October 21, 2003

No Right Answer

There's no right answer when it comes to people. I've realized that today.

Most of the time I want to do what is right, I want to do what is right by other people and I want as many people as possible to be happy with me. I relate to the character in The Recruit only because I am like him... eager to please.
Being this way, I get really frustrated at times. Sometimes people just don't want to be pleased. Sometimes there is no right answer and no right response.
I don't really feel like deciding, right now, to live my life trying to pursue my own happiness and trying to meet my own selfish desires. I'd like to be a positive force in the lives of others, but I've gotta realize that I will meet frustration along the way. I'd like to live a life that makes God happy, because making myself happy is fleeting, making others happy is fruitless and impossible, and nearly all accomplishments are short lived.

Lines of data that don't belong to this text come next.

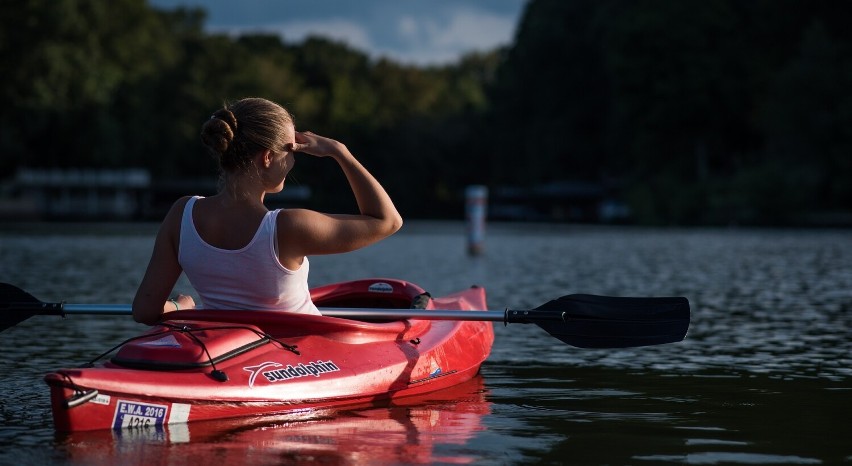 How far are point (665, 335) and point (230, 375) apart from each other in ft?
9.79

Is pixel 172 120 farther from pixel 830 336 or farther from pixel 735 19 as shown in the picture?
pixel 830 336

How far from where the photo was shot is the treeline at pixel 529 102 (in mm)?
64900

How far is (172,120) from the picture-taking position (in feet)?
338

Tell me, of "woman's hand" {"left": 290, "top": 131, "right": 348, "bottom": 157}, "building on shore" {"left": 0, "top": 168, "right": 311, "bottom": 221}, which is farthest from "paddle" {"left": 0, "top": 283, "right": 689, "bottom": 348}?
"building on shore" {"left": 0, "top": 168, "right": 311, "bottom": 221}

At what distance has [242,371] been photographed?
7695 mm

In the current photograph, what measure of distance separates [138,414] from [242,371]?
0.70 meters

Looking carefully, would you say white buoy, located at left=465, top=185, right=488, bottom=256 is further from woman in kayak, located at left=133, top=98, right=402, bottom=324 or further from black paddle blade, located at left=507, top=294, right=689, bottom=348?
woman in kayak, located at left=133, top=98, right=402, bottom=324

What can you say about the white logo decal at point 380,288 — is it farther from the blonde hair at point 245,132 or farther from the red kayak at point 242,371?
the blonde hair at point 245,132

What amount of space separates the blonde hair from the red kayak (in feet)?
3.34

Sometimes losing is the only way to win.
I guess I really should give up on trying to have smooth, pleasant relationships with people, and at the same time give up on trying to change anyone but my self. Jesus taught humility, and asks us to follow Him. Islam means submission. Buddhism, to me, is about submitting your identity and your self completely for enlightenment. Confucius said, "Do not be concerned about others not appreciating you. Be concerned about your failure to appreciate others."

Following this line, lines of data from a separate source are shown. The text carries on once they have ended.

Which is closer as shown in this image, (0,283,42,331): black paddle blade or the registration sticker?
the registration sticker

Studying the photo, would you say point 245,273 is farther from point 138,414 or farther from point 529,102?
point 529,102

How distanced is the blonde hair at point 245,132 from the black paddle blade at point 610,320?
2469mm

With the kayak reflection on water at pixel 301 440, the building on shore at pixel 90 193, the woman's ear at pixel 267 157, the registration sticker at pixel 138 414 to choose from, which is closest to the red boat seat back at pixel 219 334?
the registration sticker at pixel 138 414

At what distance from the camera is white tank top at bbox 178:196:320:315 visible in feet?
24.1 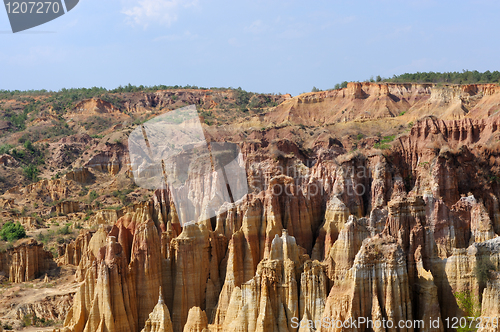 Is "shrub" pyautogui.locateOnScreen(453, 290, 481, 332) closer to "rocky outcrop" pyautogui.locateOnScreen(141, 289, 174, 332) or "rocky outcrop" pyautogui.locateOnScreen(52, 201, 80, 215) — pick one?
"rocky outcrop" pyautogui.locateOnScreen(141, 289, 174, 332)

I'd like to be able to give up my self, not concern myself with matters relating to me and submit completely, but I do not know if I will succeed in all of this.
I suppose this all sounds very depressing, but it doesn't have to be that way. I think of this as inspiring in a way. Hopefully, I will finally have a path that I feel comfortable with (Once again I realize that I am wanting the "right" path. I need to realize that I can choose a path that is right, but not necessarily the "right" path. Path righteousness is not definitive nor is it singular.)
I don't feel that I decide that the path I am leading is right, but I do decide which path is right for me.